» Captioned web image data
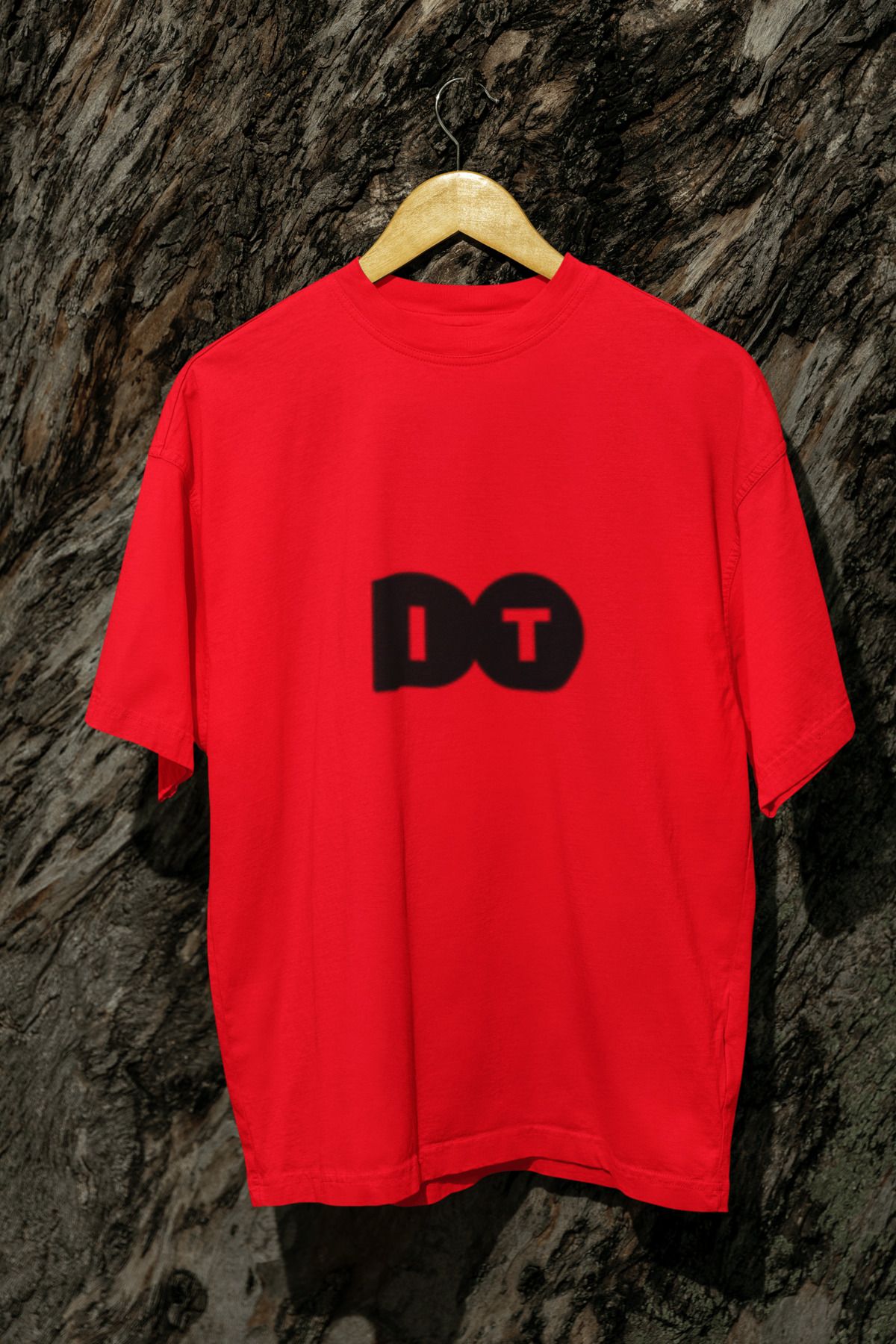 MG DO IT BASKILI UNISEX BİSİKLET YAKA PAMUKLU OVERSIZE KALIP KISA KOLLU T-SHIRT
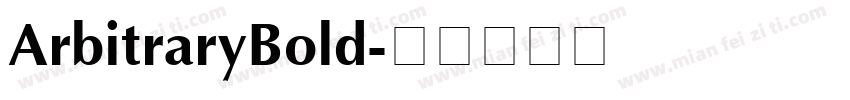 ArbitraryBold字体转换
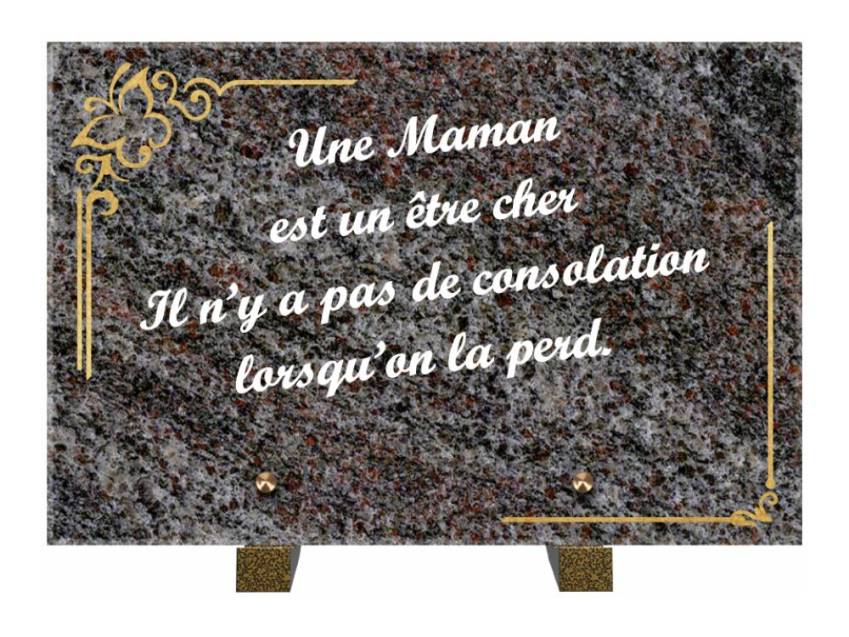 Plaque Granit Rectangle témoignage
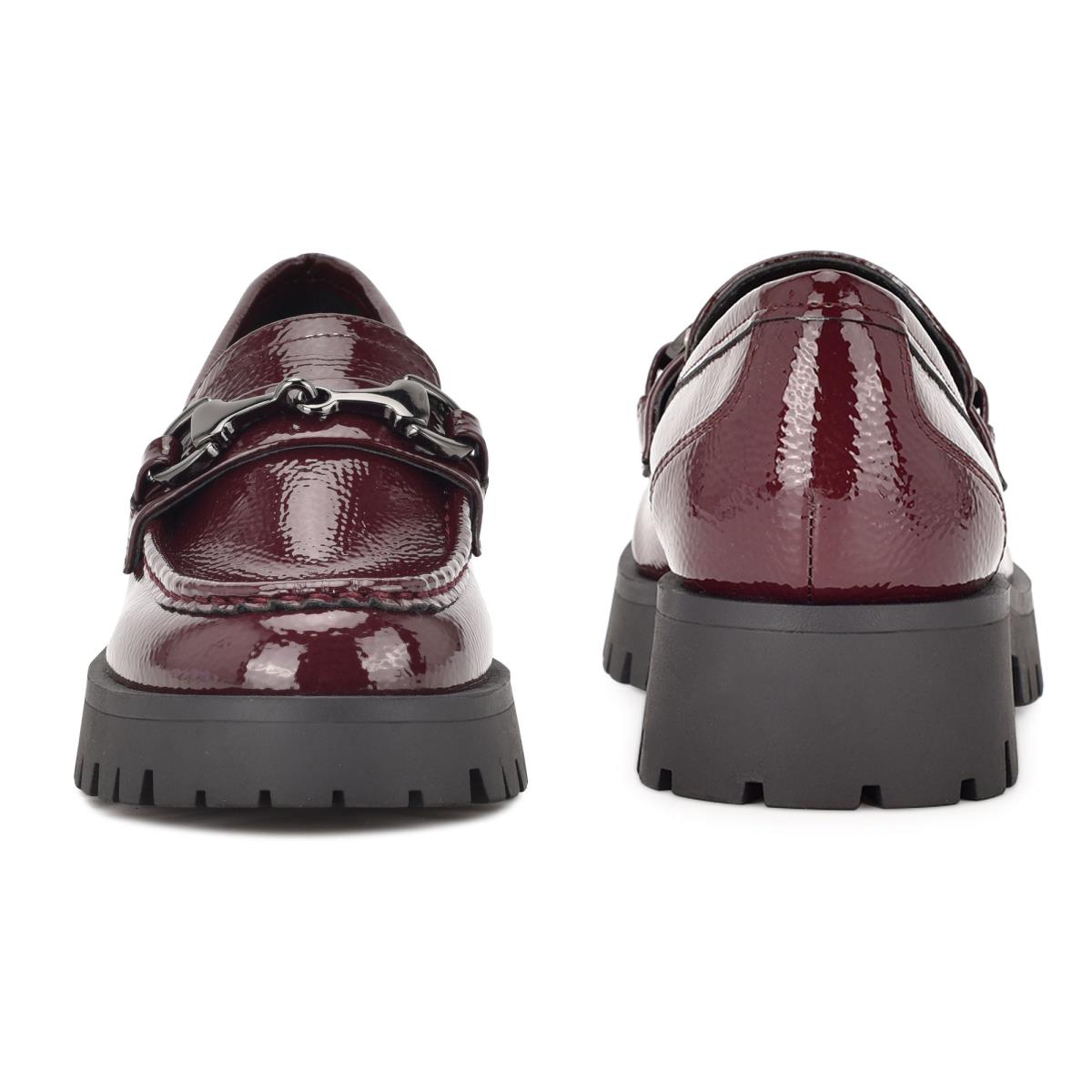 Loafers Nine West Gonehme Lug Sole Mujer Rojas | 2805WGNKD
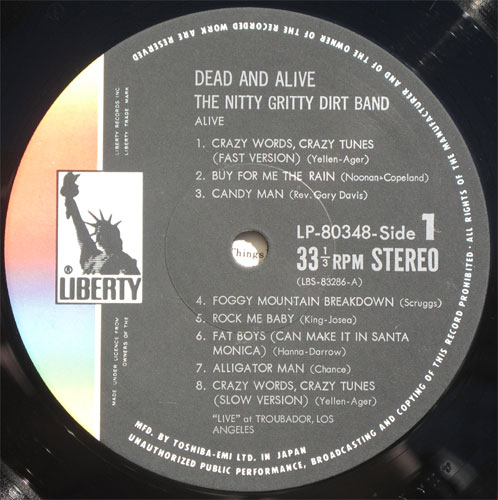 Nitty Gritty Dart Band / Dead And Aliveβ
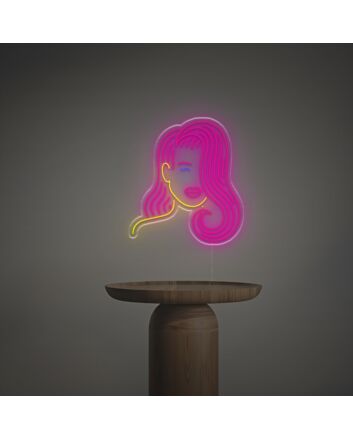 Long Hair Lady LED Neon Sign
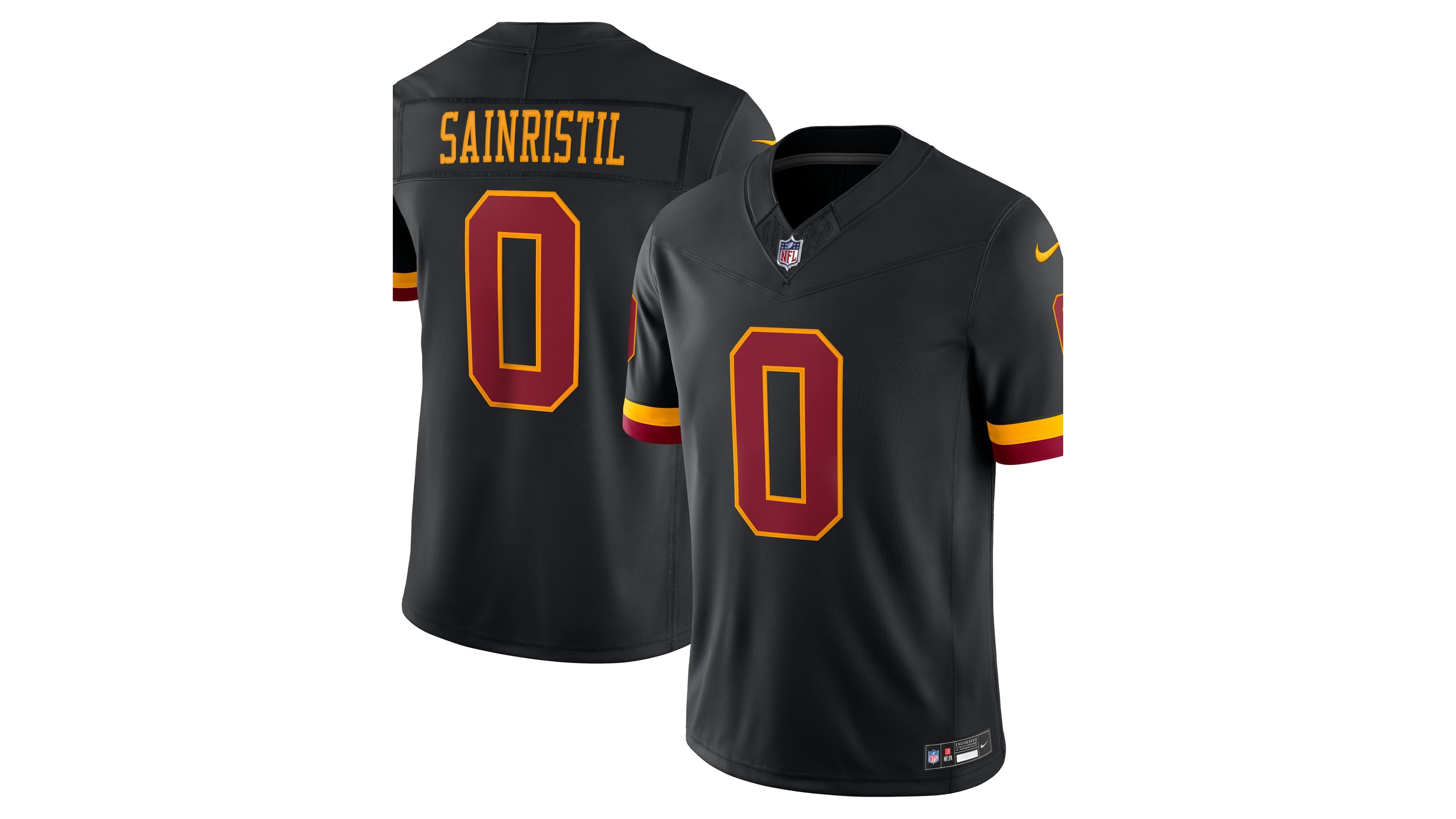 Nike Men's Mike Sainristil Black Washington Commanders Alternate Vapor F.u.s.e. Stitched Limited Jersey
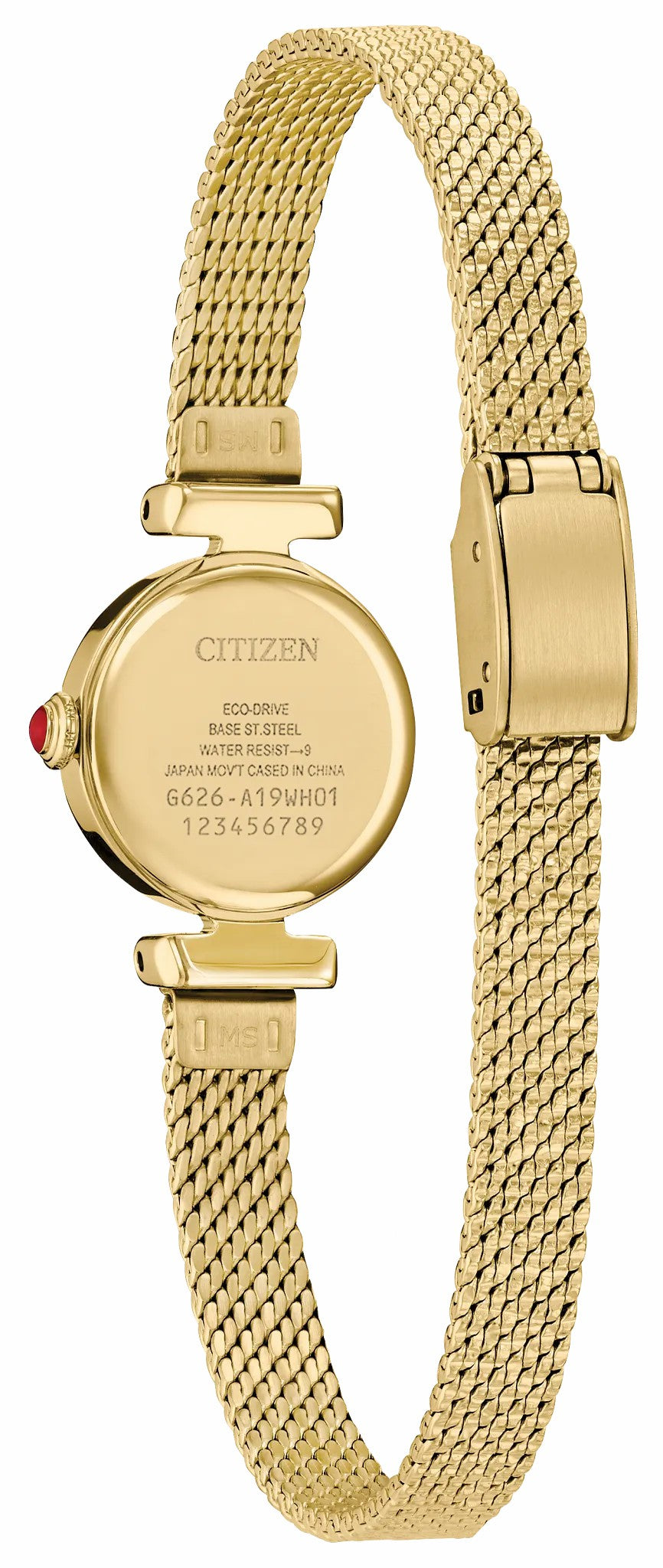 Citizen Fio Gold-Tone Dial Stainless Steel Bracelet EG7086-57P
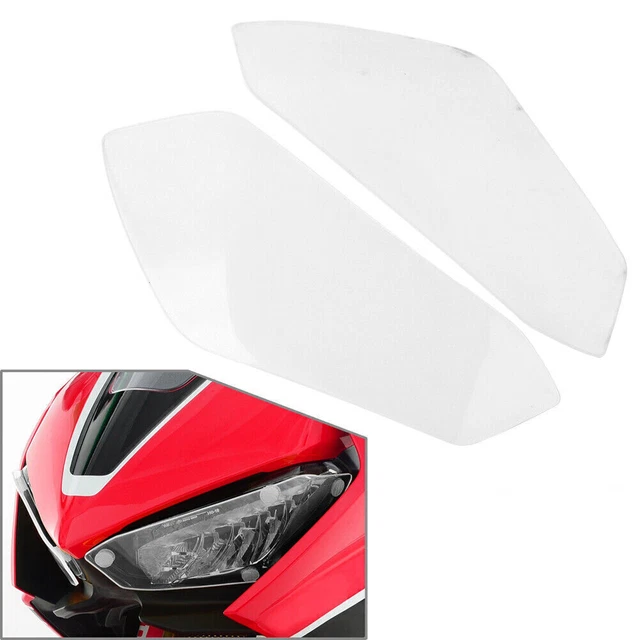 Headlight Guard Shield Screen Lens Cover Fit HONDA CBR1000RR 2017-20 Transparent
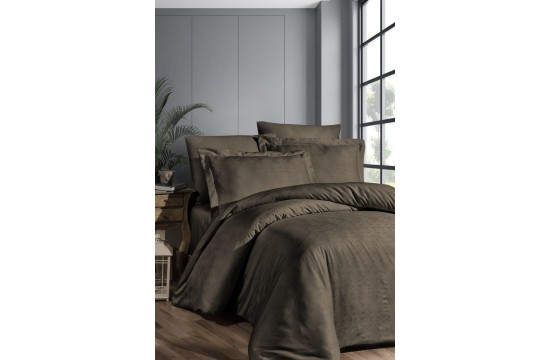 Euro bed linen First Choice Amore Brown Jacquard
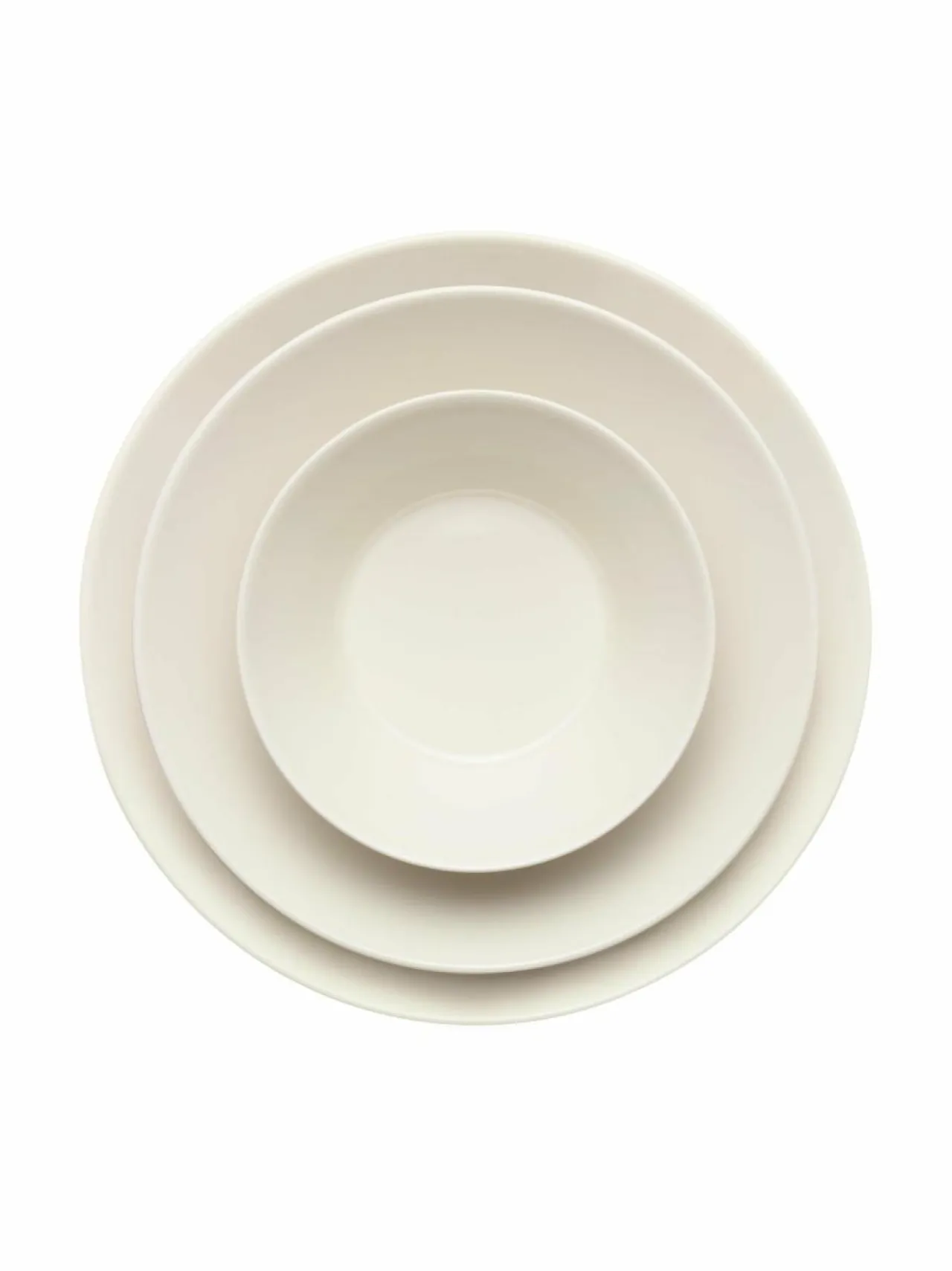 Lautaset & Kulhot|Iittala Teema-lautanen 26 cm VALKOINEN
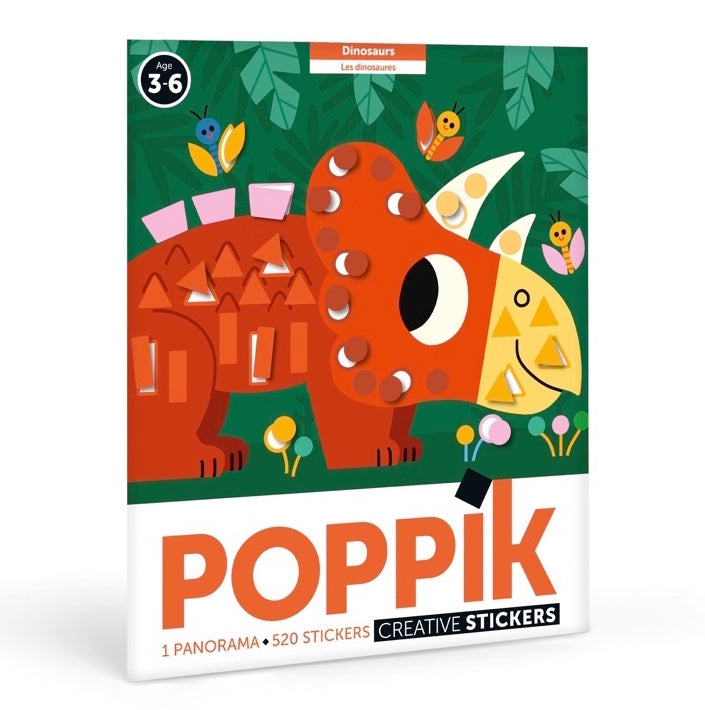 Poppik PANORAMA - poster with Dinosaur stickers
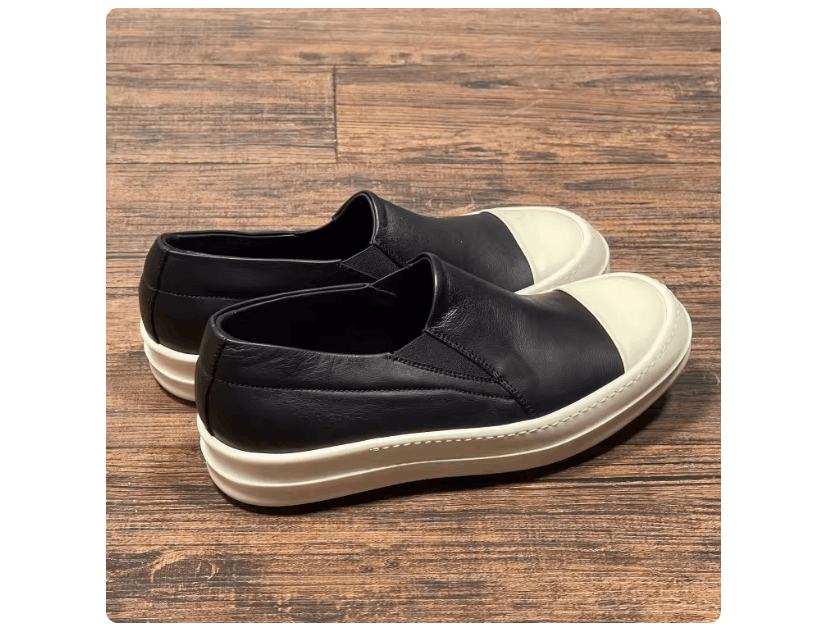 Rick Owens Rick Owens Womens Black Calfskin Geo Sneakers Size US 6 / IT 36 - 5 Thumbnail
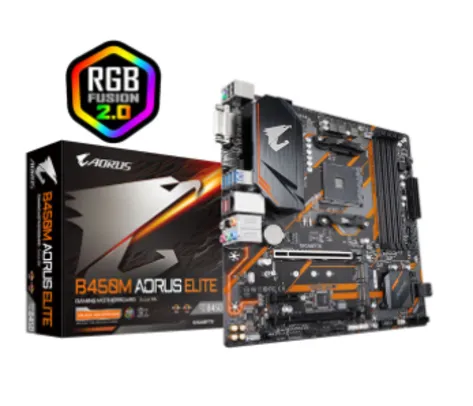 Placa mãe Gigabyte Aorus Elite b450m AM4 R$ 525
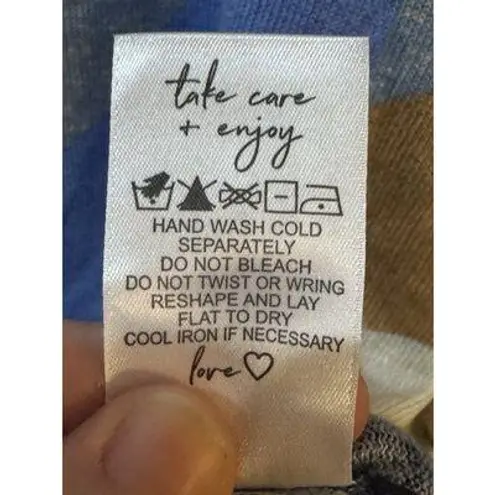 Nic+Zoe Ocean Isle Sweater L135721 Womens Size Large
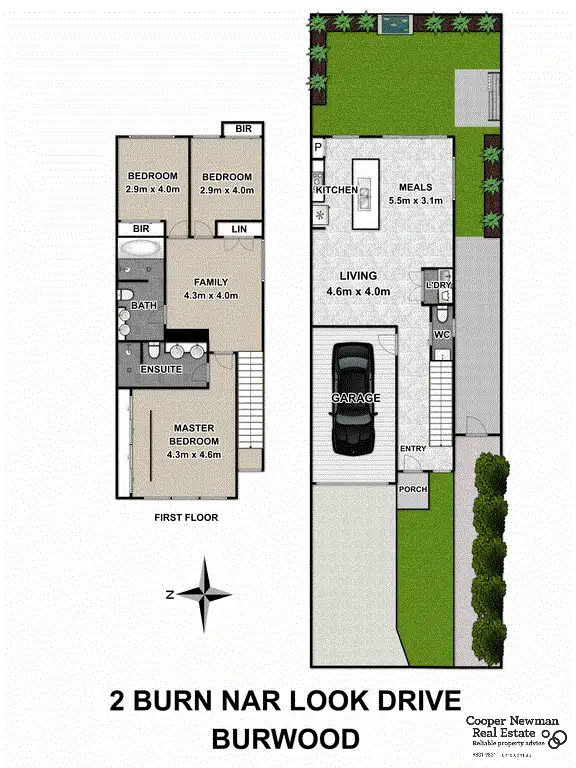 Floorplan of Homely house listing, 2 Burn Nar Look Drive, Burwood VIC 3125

» Action item
Starting at the line that contains "Placa mãe Gigabyte", reproduce each line exactly through the end of the entries above, leaving every picture out.

» Answer box
 Placa mãe Gigabyte Aorus Elite b450m AM4 R$ 525
 Nic+Zoe Ocean Isle Sweater L135721 Womens Size Large
 Floorplan of Homely house listing, 2 Burn Nar Look Drive, Burwood VIC 3125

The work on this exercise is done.